### EXERCISE
After finding the line that holds "Tabel Perbandingan Product" below, set down that line and the rest through the final one exactly, leaving the pictures out.

### SUPPLIED INFORMATION
=====
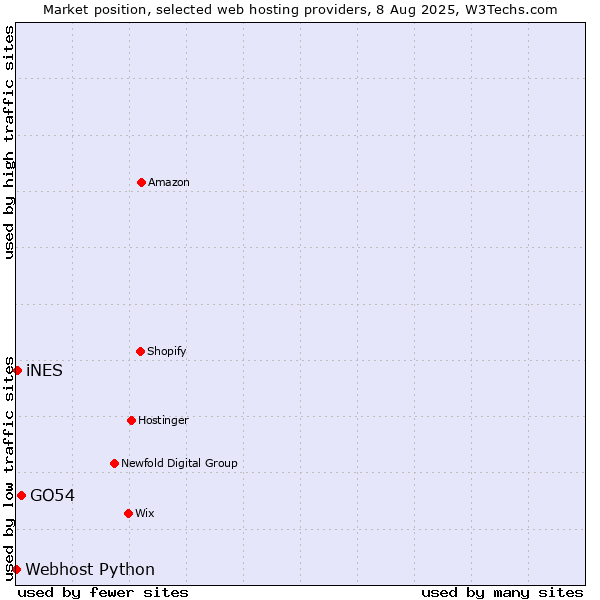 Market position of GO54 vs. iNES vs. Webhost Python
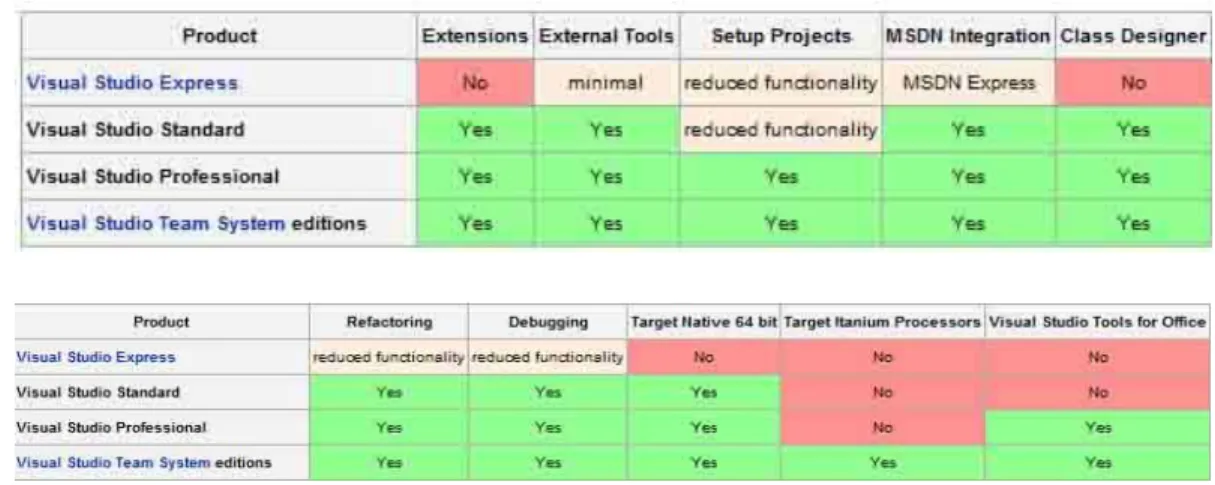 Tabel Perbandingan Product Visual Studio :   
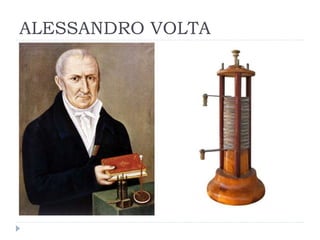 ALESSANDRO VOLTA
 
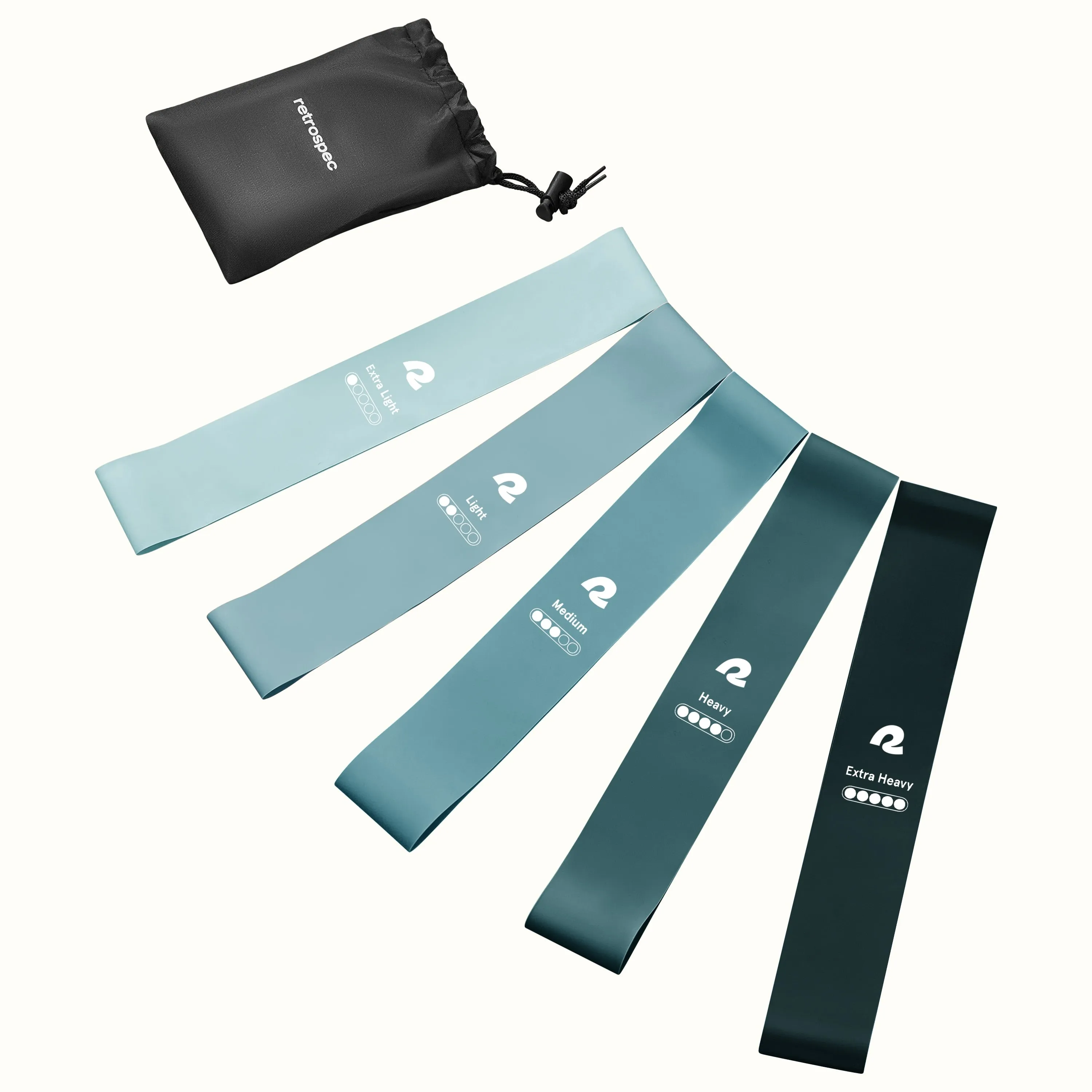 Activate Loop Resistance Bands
=====
### RESPONSE BELOW
 Tabel Perbandingan Product Visual Studio :   
 ALESSANDRO VOLTA
 
 Activate Loop Resistance Bands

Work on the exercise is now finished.